Little big thing

Nanotechnology is hot, but investors are wary. For the adventurous few it will require patience of Brobdingnagian proportions.

Nanotechnology is hot, but investors are wary. For the adventurous few it will require patience of Brobdingnagian proportions.

By Steven Brull
August 2002
Institutional Investor Magazine

Veteran biotechnology entrepreneur Larry Bock knows his way around the venture capital market. Undeterred by its long odds, he made the rounds last year to finance the launch of his new Palo Alto, Californiabased company, Nanosys.

Bock trotted out the obligatory PowerPoint presentation, quantifying as best he could the futuristic promise of nanotechnology -- the science of creating advanced materials, systems and devices on an unimaginably small, atomic scale. In the process he tried to make the case for Nanosys as an ideal vehicle for investors willing to take a calculated risk on this emerging and highly speculative field. But none of Bock’s images or graphs packed the punch of the 35-year-old film clip that he included with his slides.

It was the classic graduation-party scene in The Graduate, in which one of the guests offers some unsolicited career advice to the young Benjamin Braddock (played by Dustin Hoffman): “I just want to say one word to you . . . just one word. . . .” That word was “plastics,” but Bock inserted “nanotechnology” instead.

“It was a dumb joke, but people got it,” he says.

They also anted up: Bock raised $2 million in seed money last fall and followed that with a $15 million round in February. With contributions from the likes of Arch Venture Partners and Rockefeller family vehicle Venrock Associates, Nanosys is one of the best-funded start-ups in a field that has been hyped as much as plastics was in its day.
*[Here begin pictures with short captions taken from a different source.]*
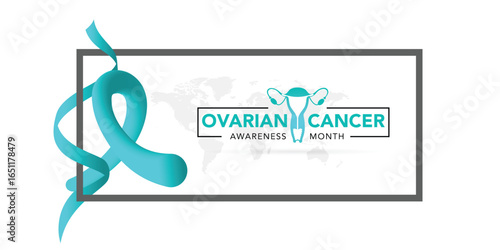 Ovarian cancer awareness month is observed every year in september. September is ovarian cancer awareness month. Vector template for banner, greeting card, poster with background. Vector illustration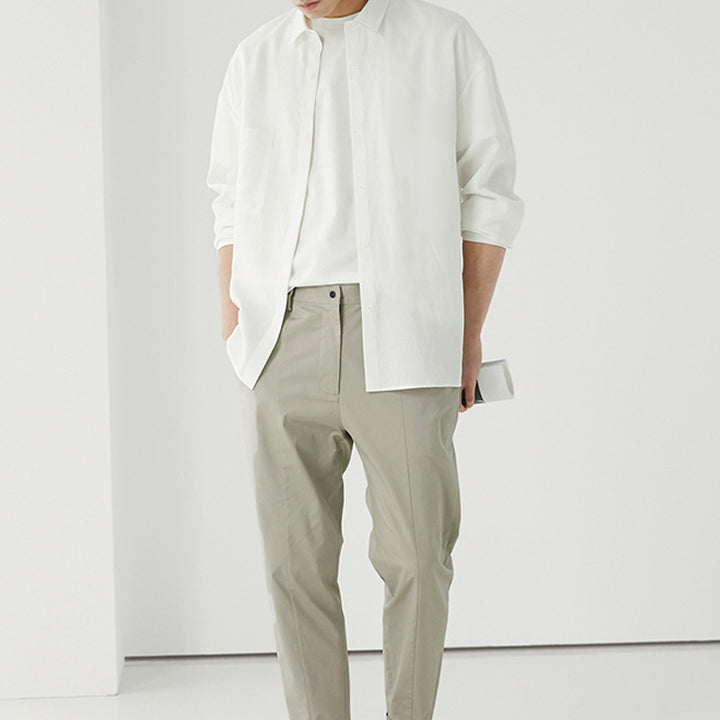 Herren Overshirt aus Baumwoll-Mix mit Brusttasche Drune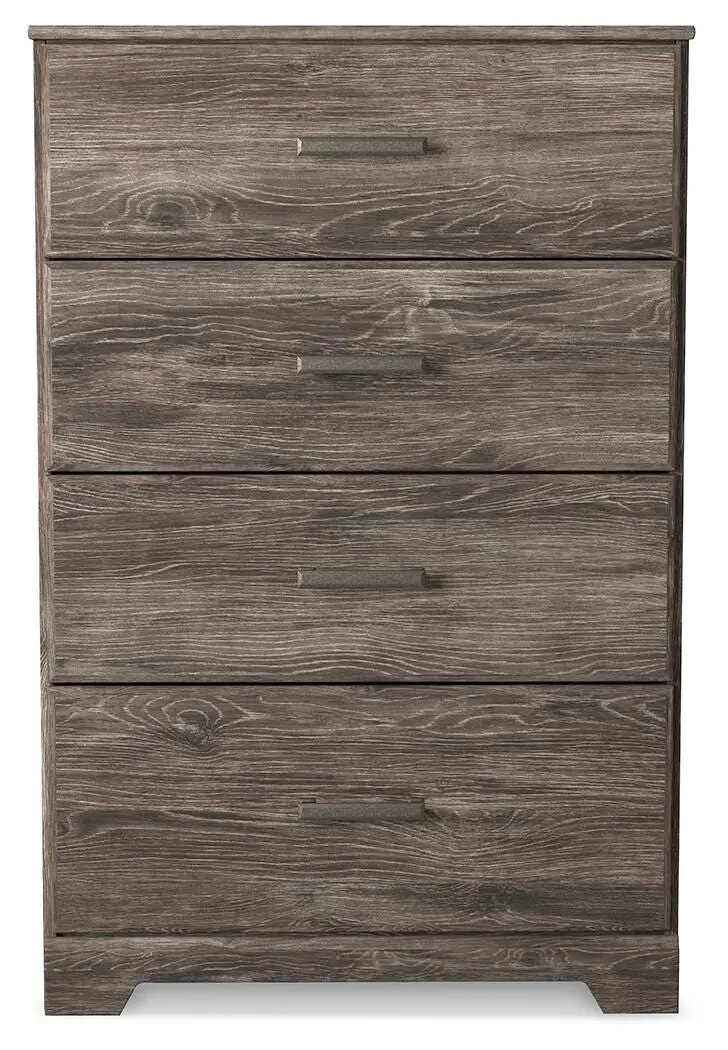 Ralinksi Gray Four-Drawer Tall Chest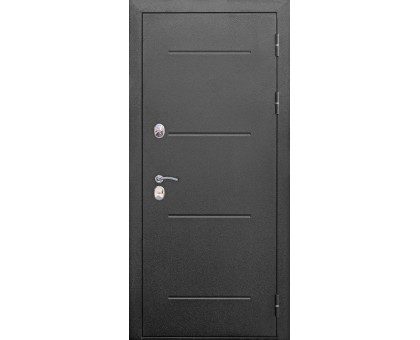 Дверь входная металлическая с терморазрывом ISOTERMA Серебро 11см Темный кипарис Царга 960 х 2050мм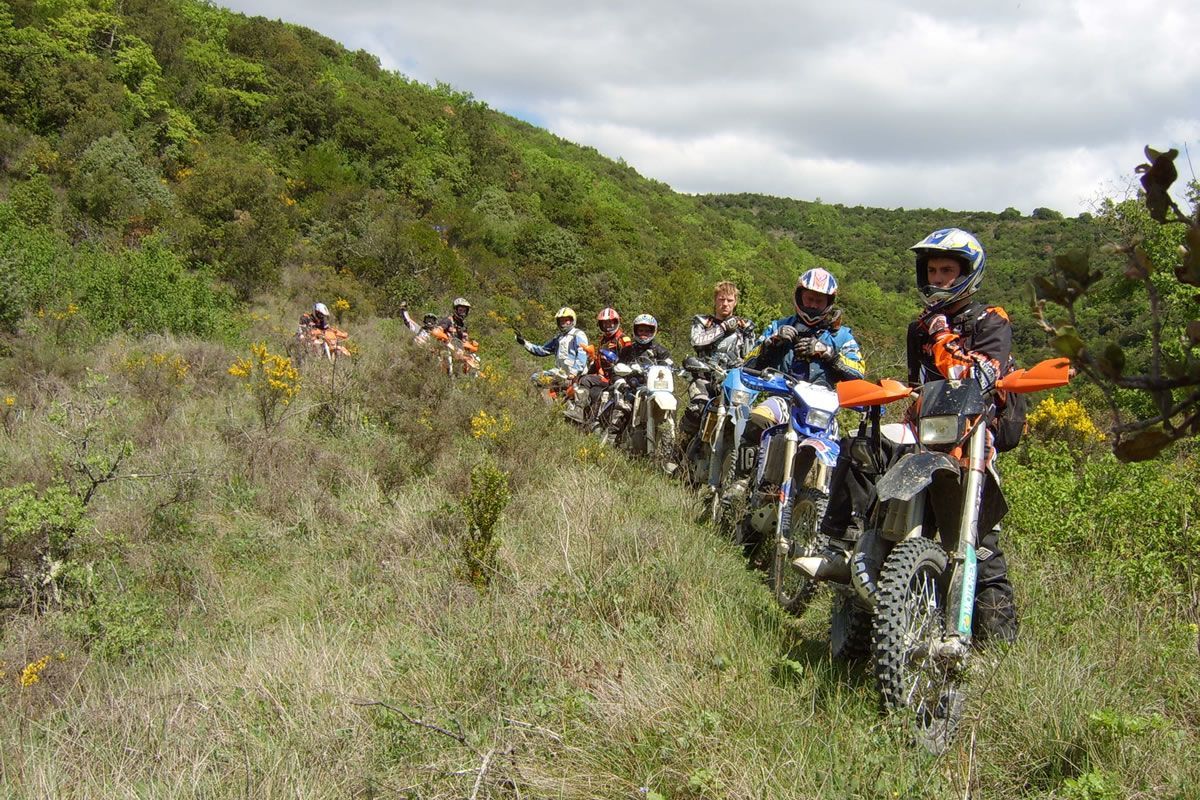 Moto enduro Moto enduro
It is certainly as puzzling to the uninitiated. Nanotechnology, like plastics, is more conceptual than concrete, a broad category of potential developments rather than a simple or single product.

While scientists have been manipulating matter at the submolecular level for years, nanotechnology began to creep into investors’ consciousness just as the Internet bubble was bursting. They may have been hungering for the next big thing, but it soon became apparent that small science, though potentially big, was anything but next -- certainly not next year, and probably further away than the five to seven years that venture capitalists are usually willing to wait before exiting their investments.

Call it the anti-Internet, with paybacks coming not in months but over decades, and with cash-burn rates that have to be managed not over a few quarters but over several market cycles.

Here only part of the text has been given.